Local museum is immortalizing black wealth

The Riley House Museum is a cultural organization that is located in downtown Tallahassee on the corner of Meridian and Jefferson Street. The Riley House Museum is a depiction of the thriving black neighborhood that once existed on the eastside of downtown Tallahassee and the last indication of the African-American middle class that transpired in the concluding part of the nineteenth century.

“African-American history is extremely important. Every one attending FAMU should go get educated about African-American’s contributions to the state of Florida and the United States of America,’ said Willie Barnes V, a third year business student from Sugar Land, TX.

In the late nineteenth and early twentieth centuries, an African-American community called Smokey Hollow was established in the west side of Myers Park Drive. In 1904, only 5 five houses on Jefferson Street were owned by African-Americans; John Riley owned one of those houses.

“The Riley House is the only home in Florida to be own be a freed slave. It is important that this historical treasure is preserved for the future generations to come,’ said Althemese Barnes, the Riley House Museum Director.

Thanks to the efforts by local “preservationalists” in1978, the Riley House became the second house owned by an African-American that was placed on the National Register of Historic Places. In 1995, a group of Tallahassee citizens established a museum at the Riley House dedicated to African-American history and culture.

“I visited the Riley House Museum my freshmen year. I learned a lot of information about African-American culture, especially in Florida,” said Myra Tucker, a third year allied health student from Atlanta.

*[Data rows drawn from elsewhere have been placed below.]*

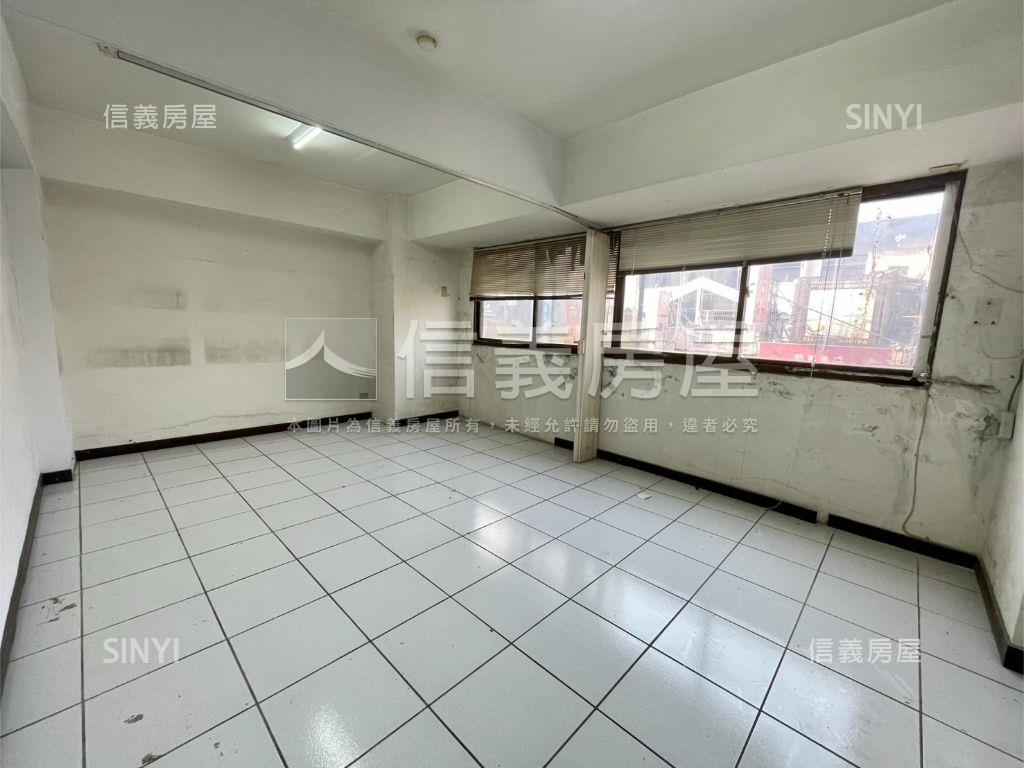 西屯路三段顯眼店面房屋室內格局與周邊環境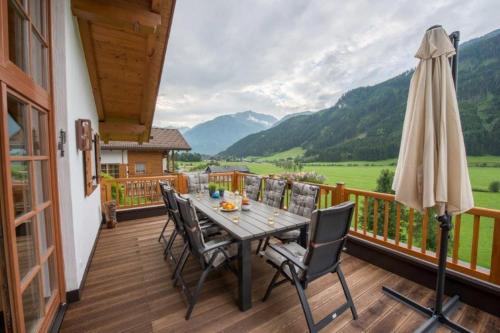 Schöneben Chalet MiJoBa — 4-Star Luxury Hotel in Wald Im Pinzgau, Austria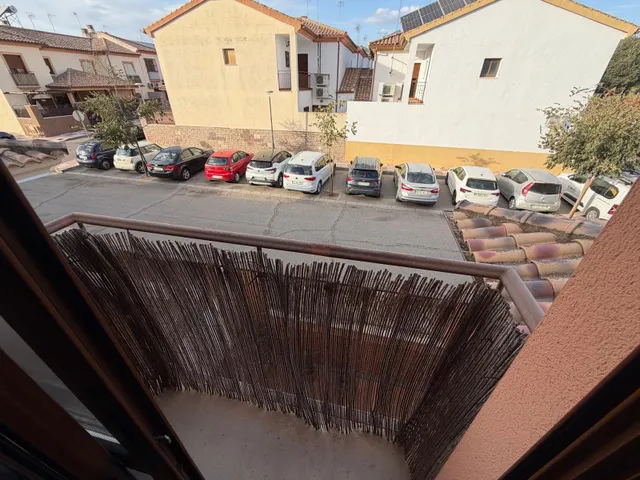 ¡Casa adosada con patio, garaje y sótano en La Victoria, Córdoba! — 29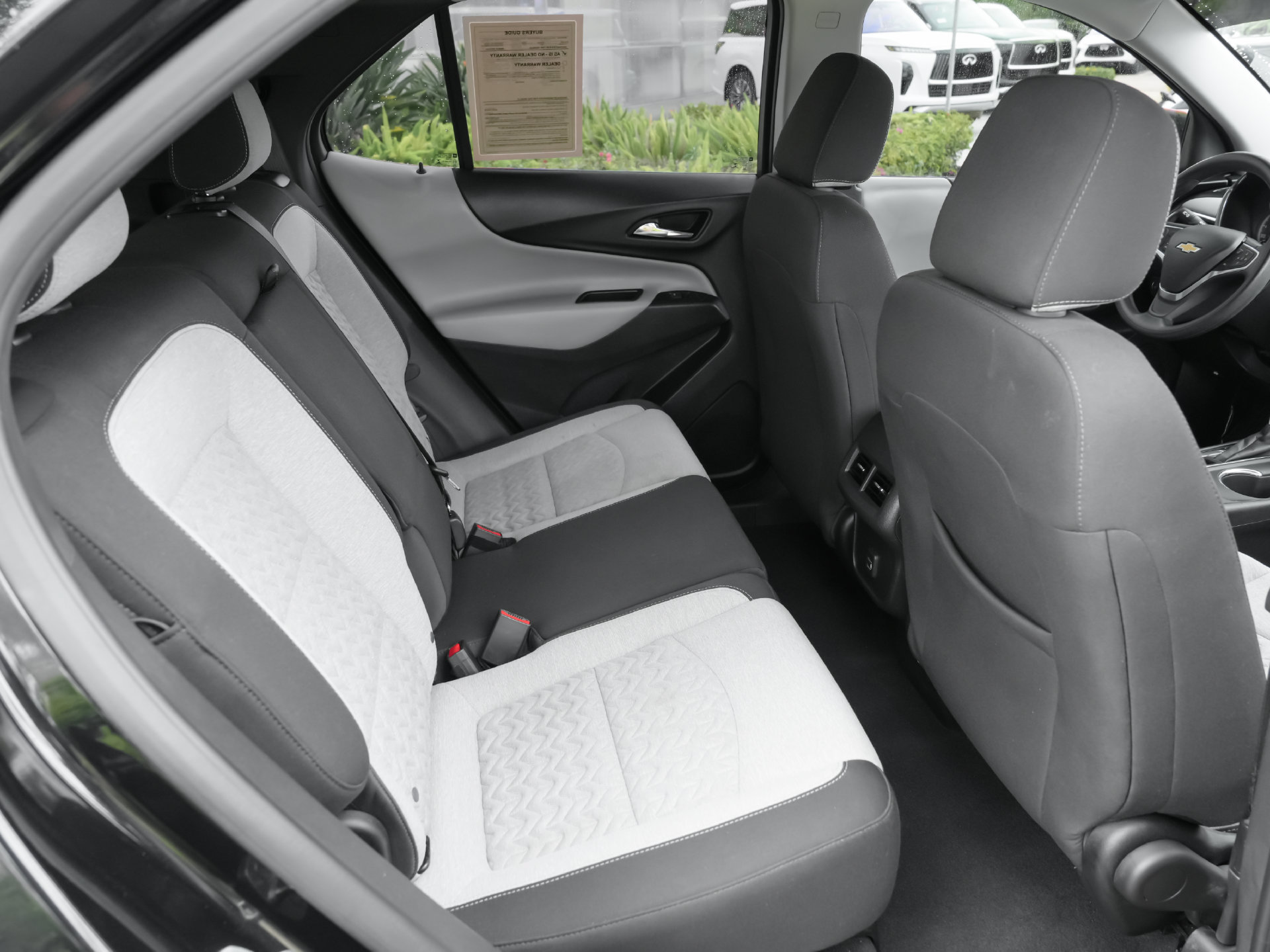 Used 2023 Chevrolet Equinox LS FWD image 37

The Riley House Museum has a multitude of components and exhibits that are offered to customers. The museum’s program components sole purpose is to help develop an awareness for the educational and social contributions of African-Americans to Florida’s history.

The Oral History Program acts as an entity that conducts oral history interviews, at no charge, for families to preserve the history of that particular family; photos can be scanned onto the taped interviews.

Currently, the Riley House Museum exhibits consist of The Riley Archival Center at TCC and “Struggles and Triumph”.

The Riley Archival Center at Tallahassee Community College is a collection of black abolitionist papers. The archive maintains 14,000 documents including editorials, sermons, speeches, letters and essays, written by African-Americans involved in the movement to end slavery in the United States.

“Struggles and Triumph” is an art exhibit that contains artist depiction of African-Americans.

On October 4, 2005, the Riley House Museum is having a benefit concert for the New Orleans Musician Clinic entitled “Bring It On Home”. The event will take place from 7p.m. to 10p.m. at The Moon and admission is $20.00.